Top 10 Mistakes that Python Programmers Make

About Python

Python is an interpreted, object-oriented, high-level programming language with dynamic semantics. Its high-level built in data structures, combined with dynamic typing and dynamic binding, make it very attractive forRapid Application Development, as well as for use as a scripting or glue language to connect existing components or services. Python supports modules and packages, thereby encouraging program modularity and code reuse.

About this article

Python’s simple, easy-to-learn syntax can mislead Python developers – especially those who are newer to the language – into missing some of its subtleties and underestimating the power of the language.

With that in mind, this article presents a “top 10” list of somewhat subtle, harder-to-catch mistakes that can bite even the most advanced Python developer in the rear.

(Note: This article is intended for a more advanced audience than Common Mistakes of Python Programmers, which is geared more toward those who are newer to the language.)

Common Mistake #1: Misusing expressions as defaults for function arguments

Python allows you to specify that a function argument is optional by providing a default value for it. While this is a great feature of the language, it can lead to some confusion when the default value is mutable. For example, consider this Python function definition:

>>> def foo(bar=[]):        # bar is optional and defaults to [] if not specified
...    bar.append("baz")    # but this line could be problematic, as we'll see...
...    return bar

A common mistake is to think that the optional argument will be set to the specified default expression each time the function is called without supplying a value for the optional argument. In the above code, for example, one might expect that calling foo() repeatedly (i.e., without specifying a bar argument) would always return 'baz', since the assumption would be that each time foo() is called (without a bar argument specified) baris set to [] (i.e., a new empty list).

But let’s look at what actually happens when you do this:

>>> foo()
["baz"]
>>> foo()
["baz", "baz"]
>>> foo()
["baz", "baz", "baz"]

Huh? Why did it keep appending the default value of "baz" to an existing list each time foo() was called, rather than creating a new list each time?

The answer is that the default value for a function argument is only evaluated once, at the time that the function is defined. Thus, the bar argument is initialized to its default (i.e., an empty list) only when foo() is first defined, but then calls to foo() (i.e., without a bar argument specified) will continue to use the same list to which bar was originally initialized.

FYI, a common workaround for this is as follows:

>>> def foo(bar=None):
...    if bar is None:		# or if not bar:
...        bar = []
...    bar.append("baz")
...    return bar
...
>>> foo()
["baz"]
>>> foo()
["baz"]
>>> foo()
["baz"]

Common Mistake #2: Using class variables incorrectly

Consider the following example:

>>> class A(object):
...     x = 1
...
>>> class B(A):
...     pass
...
>>> class C(A):
...     pass
...
>>> print A.x, B.x, C.x
1 1 1

Makes sense.

>>> B.x = 2
>>> print A.x, B.x, C.x
1 2 1

Yup, again as expected.

>>> A.x = 3
>>> print A.x, B.x, C.x
3 2 3

What the $%#!&?? We only changed A.x. Why did C.x change too?

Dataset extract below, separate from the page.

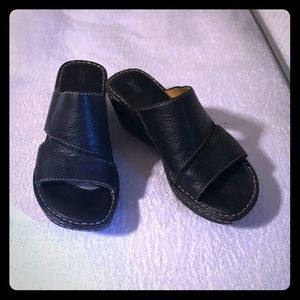 Born sandals
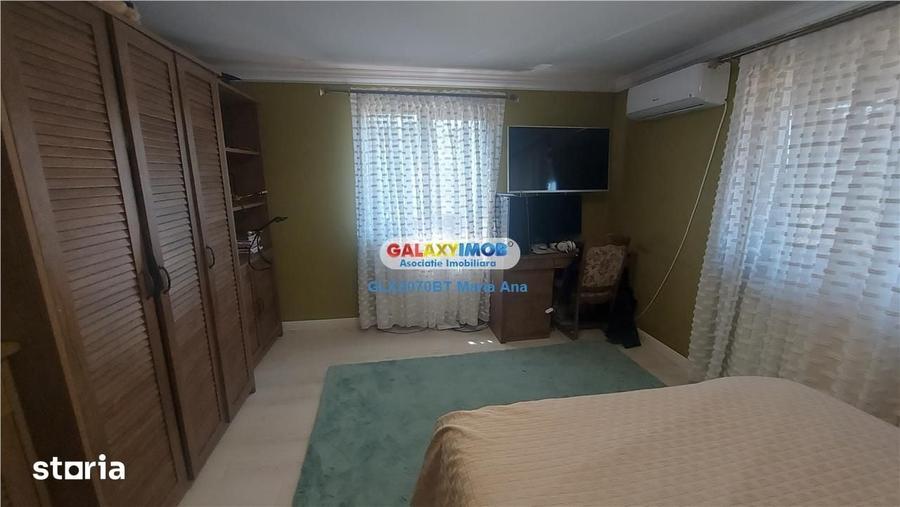 Casă cu 4 camere cu Teren 2000 Mp în Central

In Python, class variables are internally handled as dictionaries and follow what is often referred to as Method Resolution Order (MRO). So in the above code, since the attribute x is not found in class C, it will be looked up in its base classes (only A in the above example, although Python supports multiple inheritance). In other words, C doesn’t have its own x property, independent of A. Thus, references to C.x are in fact references to A.x.

Common Mistake #3: Specifying parameters incorrectly for an exception block

Suppose you have the following code:

>>> try:
...     l = ["a", "b"]
...     int(l[2])
... except ValueError, IndexError:  # To catch both exceptions, right?
...     pass
...
Traceback (most recent call last):
  File "<stdin>", line 3, in <module>
IndexError: list index out of range

The problem here is that the except statement does not take a list of exceptions specified in this manner. Rather, In Python 2.x, the syntax except Exception, e is used to bind the exception to the optional second parameter specified (in this case e), in order to make it available for further inspection. As a result, in the above code, the IndexError exception is not being caught by the except statement; rather, the exception instead ends up being bound to a parameter named IndexError.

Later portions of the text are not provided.